Personal information
- Full name: Gareth Crwys-Williams
- Born: 27 December 1907 Crickhowell, Breconshire, Wales
- Died: 8 March 1970 (aged 62) Llangollen, Denbighshire, Wales
- Batting: Unknown
- Bowling: Left-arm medium-fast

Domestic team information
- 1950–1951: Lincolnshire
- 1934: Marylebone Cricket Club
- 1932–1933: Monmouthshire

Career statistics
| Competition | First-class |
| Matches | 1 |
| Runs scored | 0 |
| Batting average | – |
| 100s/50s | –/– |
| Top score | 0* |
| Balls bowled | 30 |
| Wickets | 0 |
| Bowling average | – |
| 5 wickets in innings | – |
| 10 wickets in match | – |
| Best bowling | – |
| Catches/stumpings | –/– |
- Source: Cricinfo, 28 September 2018

= Gareth Crwys-Williams =

Welsh cricketer and HM inspector of Schools

Gareth Crwys-Williams OBE (27 December 1907 – 8 March 1970) was a Welsh cricketer and a HM Inspector of Schools.

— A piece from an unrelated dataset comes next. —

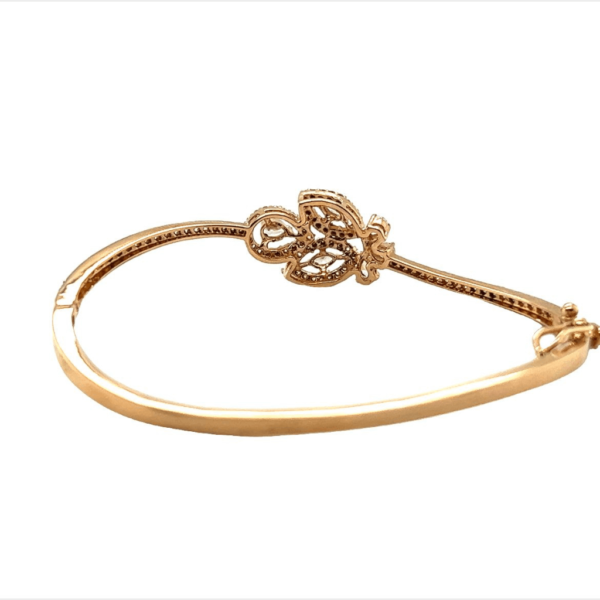 Glorious 18KT Rose Gold Bracelet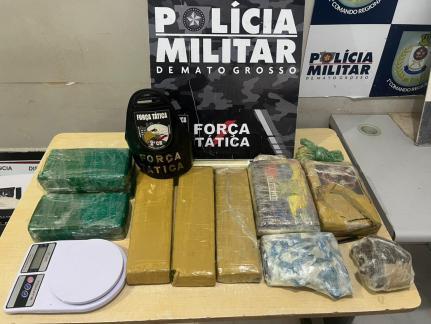 Funcionária do 'Nova Chance' é presa escondendo droga para o Comando Vermelho.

Crwys-Williams was born at Crickhowell in March 1907. He studied at Downing College, Cambridge, where he played for the college cricket team. However, he never played for the Cambridge University Cricket Club. He first played minor counties cricket for Monmouthshire in 1932 against Dorset, playing a further Minor Counties Championship match the following year. He made his only appearance in first-class cricket for the Marylebone Cricket Club in 1934 against Ireland at College Park, Dublin. He later played minor counties cricket for Lincolnshire from 1950-1951. He worked as an HM Inspector of Schools, for which he received an OBE for services to in 1969. He died at Llangollen, Denbighshire, in March 1970.